**EXERCISE BRIEF**
From the material below, set down exactly the lines that run from the one containing "An elephant named" to the one containing "NF κB dependent", minus the pictures.

**MATERIAL SHOWN**
---*---

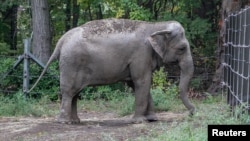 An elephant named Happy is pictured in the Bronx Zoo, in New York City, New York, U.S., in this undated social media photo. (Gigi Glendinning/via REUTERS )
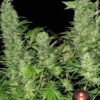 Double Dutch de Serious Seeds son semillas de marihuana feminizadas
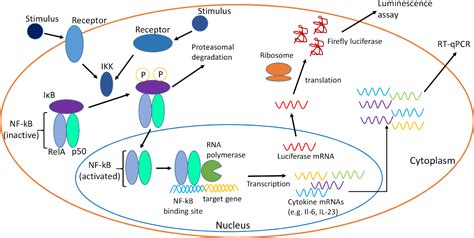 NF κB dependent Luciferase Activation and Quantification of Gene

---*---

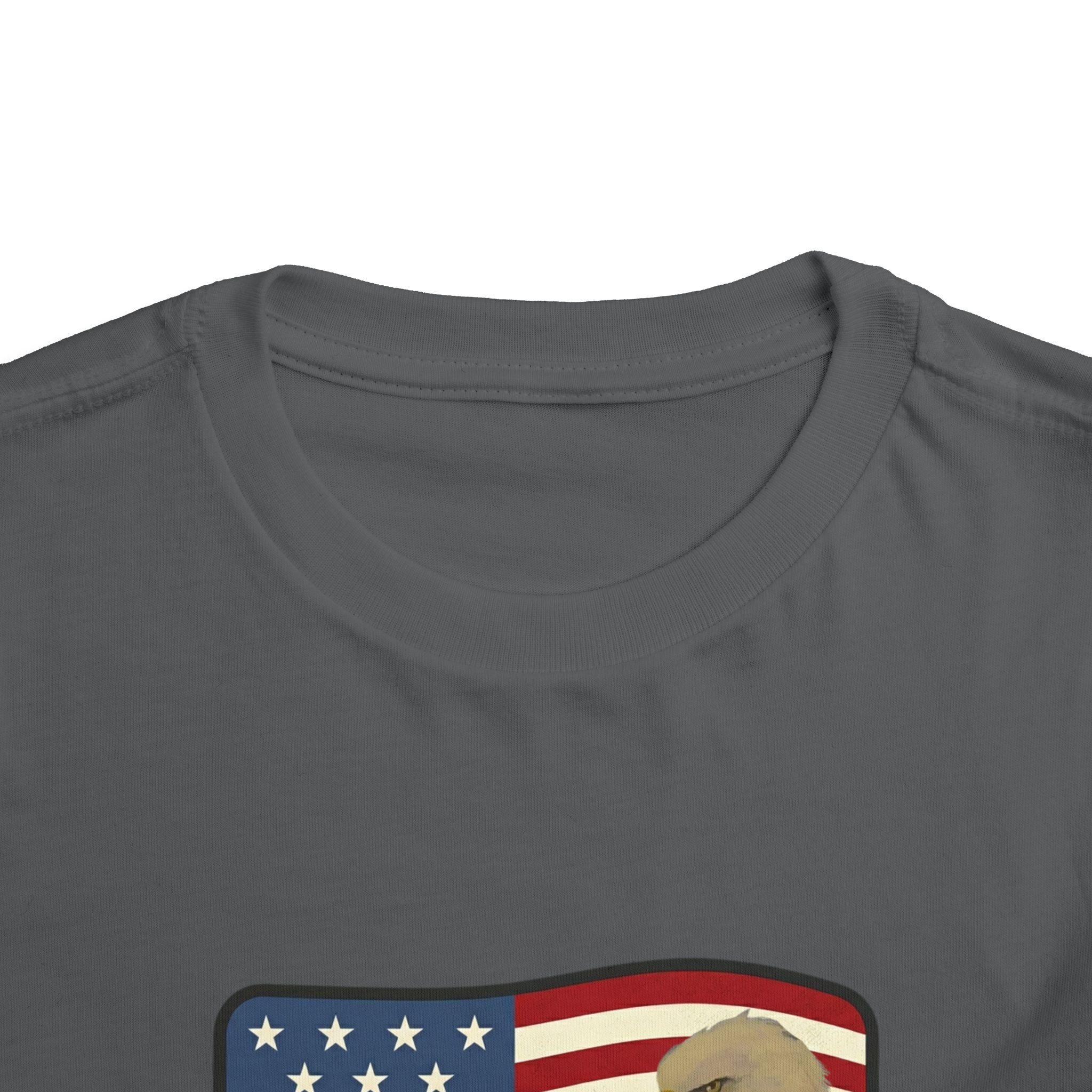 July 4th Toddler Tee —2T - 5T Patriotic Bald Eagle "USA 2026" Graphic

---*---

**SOLUTION BELOW**
 An elephant named Happy is pictured in the Bronx Zoo, in New York City, New York, U.S., in this undated social media photo. (Gigi Glendinning/via REUTERS )
 Double Dutch de Serious Seeds son semillas de marihuana feminizadas
 NF κB dependent Luciferase Activation and Quantification of Gene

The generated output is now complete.